Pero me volví a casa sintiéndome algo solo. Tenía hambre. Hambre de tacto, es un hambre que a veces me pasa, es como si en lugar de poros, mi piel estuviese cubierta de millones de estómagos diminutos que tan solo pudiesen saciarse al contacto de otra piel, bien sea el sexo, bien la caricia, la piel misma. El calor de otro.

Cogí a los perros y me fui a dar la vuelta procedimental a la manzana, y me encontré con Yolanda. Yolanda es una compañera de mi trabajo, de mi mismo departamento. Nos llevamos muy bien, estamos muy unidos, ambos amamos el barrio y compartimos muchas formas de entender la vida.

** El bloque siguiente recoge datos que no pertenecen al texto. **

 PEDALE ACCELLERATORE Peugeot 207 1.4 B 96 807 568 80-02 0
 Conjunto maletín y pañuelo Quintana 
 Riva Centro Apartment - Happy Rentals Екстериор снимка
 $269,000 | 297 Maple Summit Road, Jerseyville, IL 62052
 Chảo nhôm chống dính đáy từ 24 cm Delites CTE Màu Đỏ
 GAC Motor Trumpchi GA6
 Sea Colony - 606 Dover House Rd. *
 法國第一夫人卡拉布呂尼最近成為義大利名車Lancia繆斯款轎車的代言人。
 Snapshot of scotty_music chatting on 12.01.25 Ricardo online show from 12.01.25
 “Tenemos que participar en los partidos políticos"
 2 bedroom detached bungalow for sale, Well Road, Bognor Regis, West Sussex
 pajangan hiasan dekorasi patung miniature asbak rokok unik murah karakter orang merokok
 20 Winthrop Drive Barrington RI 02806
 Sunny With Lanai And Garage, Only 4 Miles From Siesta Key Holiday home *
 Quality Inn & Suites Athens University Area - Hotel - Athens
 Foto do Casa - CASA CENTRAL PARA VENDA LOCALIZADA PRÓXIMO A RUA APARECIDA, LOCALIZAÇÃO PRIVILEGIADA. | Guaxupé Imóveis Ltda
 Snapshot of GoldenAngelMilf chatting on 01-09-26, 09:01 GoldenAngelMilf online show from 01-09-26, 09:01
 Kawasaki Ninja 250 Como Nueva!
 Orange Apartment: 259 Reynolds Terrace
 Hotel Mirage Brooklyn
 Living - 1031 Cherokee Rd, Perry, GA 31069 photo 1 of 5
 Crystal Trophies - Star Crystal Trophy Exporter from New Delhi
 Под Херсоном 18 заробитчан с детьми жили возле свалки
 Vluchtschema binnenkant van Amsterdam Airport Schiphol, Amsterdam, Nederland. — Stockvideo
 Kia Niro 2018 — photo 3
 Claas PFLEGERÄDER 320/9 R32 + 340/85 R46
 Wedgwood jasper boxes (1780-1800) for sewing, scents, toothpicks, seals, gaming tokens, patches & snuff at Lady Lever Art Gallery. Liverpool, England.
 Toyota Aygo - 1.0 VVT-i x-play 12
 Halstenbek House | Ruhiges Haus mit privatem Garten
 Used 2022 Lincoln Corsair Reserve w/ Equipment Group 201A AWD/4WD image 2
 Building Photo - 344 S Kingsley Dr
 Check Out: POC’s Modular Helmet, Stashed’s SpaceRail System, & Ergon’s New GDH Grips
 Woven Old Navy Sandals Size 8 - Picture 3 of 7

Reconozco que después de tres semanas confinados fue una experiencia rarísima. Ambos nos saludamos eufóricos, cada uno en su acera de la calle, los dos bajábamos por Lavapiés porque vivimos relativamente cerca, pero temíamos cruzar la calzada por salud, por no querer infringir la ley. Estábamos ahí los dos, que por fin nos podíamos ver como personas tridimensionales con sus volúmenes y sus aromas y su temperatura. Hemos estado durante las tres últimas semanas viéndonos tan solo a través de la pantalla de un dispositivo y ahora estábamos a tan solo a metro y medio, y ahí nos encontrábamos sin poder acercarnos.

Hablamos de trivialidades, nada relevante. “Cómo te va”, “hasta el coño de estar en casa”, “tú al menos tienes terraza”, “¿estos son tus perros?”. Creo que la impaciencia de ambos nos llevó a hablar muy deprisa, a no escucharnos demasiado, parecía que apurábamos un sorbo de agua que está a punto de acabarse escapándose entre los dedos. Los perros estaban desconcertados porque son unos animales muy sociables que asaltan a cualquier persona por la calle que perciban amigo por el tono de voz que utilizo. Todo su afán era cruzar la calle para saludarla.

La conversación circulaba atropellada por las calles del centro de una ciudad que ya nos echa de menos a todos, en un barrio siempre efervescente como el nuestro, con sus terrazas, sus cañeos ahora adormecidos, anestesiados. Descubrí que sin darme cuenta había descuidado totalmente mi ruta habitual y la había acompañado a su portal en calle Olmo.

Al otro lado de la calle vi cómo abría la puerta de su portal sin dejar de mirarme con una amplísima sonrisa. Solo yo sé cómo el cuerpo gritaba desesperado por cruzar la calzada y abrazarla muy fuerte y sentir por un segundo que todo va a salir bien, que esto también pasará y seremos más fuertes.

Me fui a casa con esa sensación extraña que te deja un buen libro con un final no tan feliz como esperabas aunque poderosamente realista. Tras el proceso de higienización de patas de los perros con alcohol y de agua con lejía para mis zapatos y del lavado escrupuloso de manos me crucé con mi pareja en el pasillo y sin venir a cuento lo abracé. Como si me fuese la vida en ello, como si nunca volviésemos a vernos. Como si pudiese con ese gesto compensar todos los abrazos que no estoy dando, los besos que se pierden de un extremo al otro de la calle.

Porque los besos que no se dan, los abrazos perdidos no se pierden del todo. Solo se guardan. Se aplazan, se reservan. Porque cuando salga a la calle pienso abrazar a cada persona con la que me encuentre, pienso tocarles la cara a todos aquellos con los que me cruce. Pienso poner mi palma abierta suavemente sobre su mejilla y mirarlos a los ojos y darles dos besos de esos que suenan, que tiene babas y lágrimas. Porque necesito calmar el hambre de mi piel con la piel de otros.

Voy a entregar a los que hemos tenido la suerte de poder contarlo todos los abrazos que por ley no puedo dar ahora para salvar ese constante y pretérito metro y medio de seguridad. Os juro por mi vida que voy a hacerlo.